**WHAT TO WORK ON**:
Take from the entries below the stretch from the line with "xinxinchuxin661 online show" through the line with "TDI 81KW #8", and return it exactly, leaving the pictures out.

**ENTRIES SUPPLIED**:
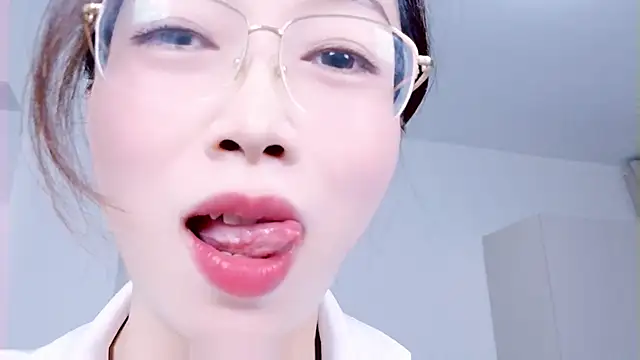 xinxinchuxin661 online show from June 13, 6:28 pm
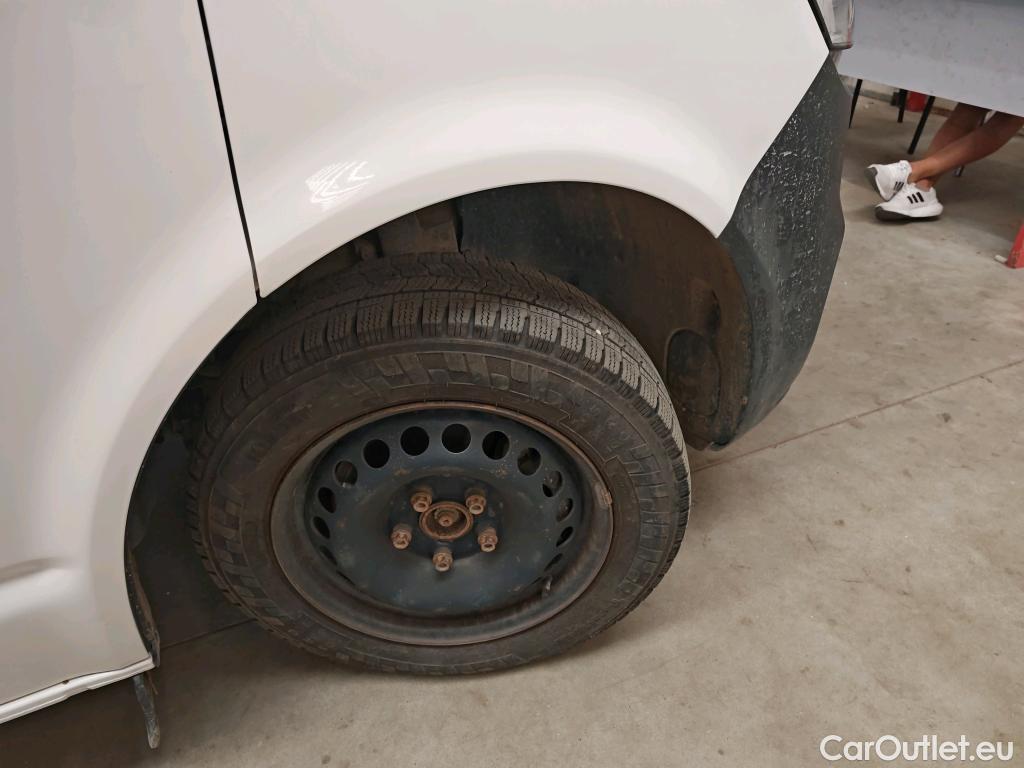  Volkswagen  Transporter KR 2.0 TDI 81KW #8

* * *

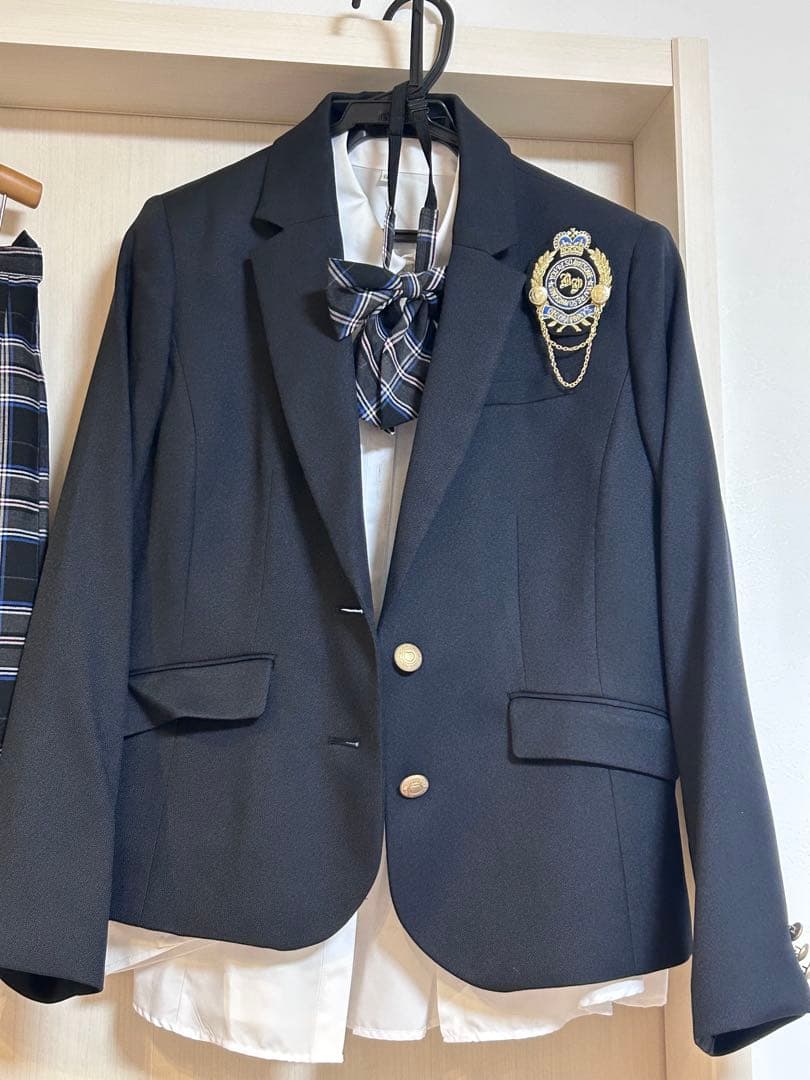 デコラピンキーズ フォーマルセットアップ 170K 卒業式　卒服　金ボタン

--

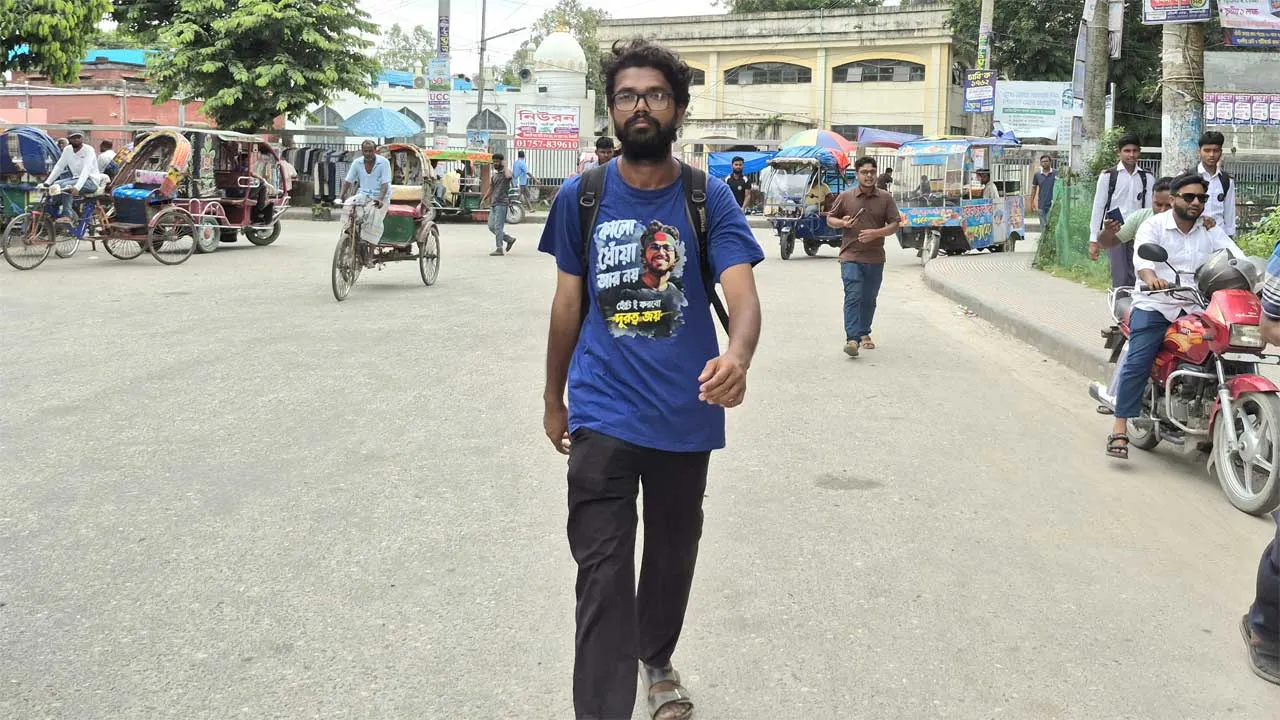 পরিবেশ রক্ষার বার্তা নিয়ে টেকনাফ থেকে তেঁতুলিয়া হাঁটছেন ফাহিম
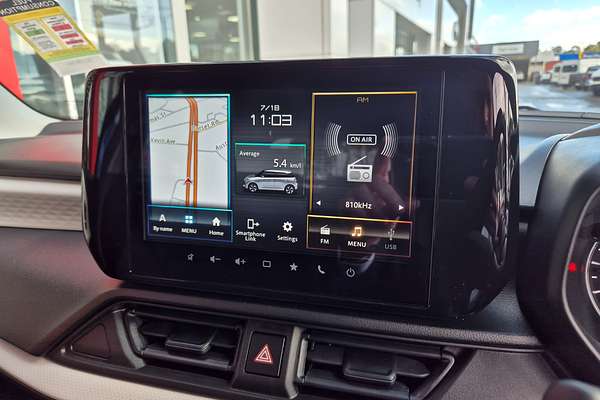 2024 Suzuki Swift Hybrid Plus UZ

**EXERCISE OUTPUT**:
 xinxinchuxin661 online show from June 13, 6:28 pm
  Volkswagen  Transporter KR 2.0 TDI 81KW #8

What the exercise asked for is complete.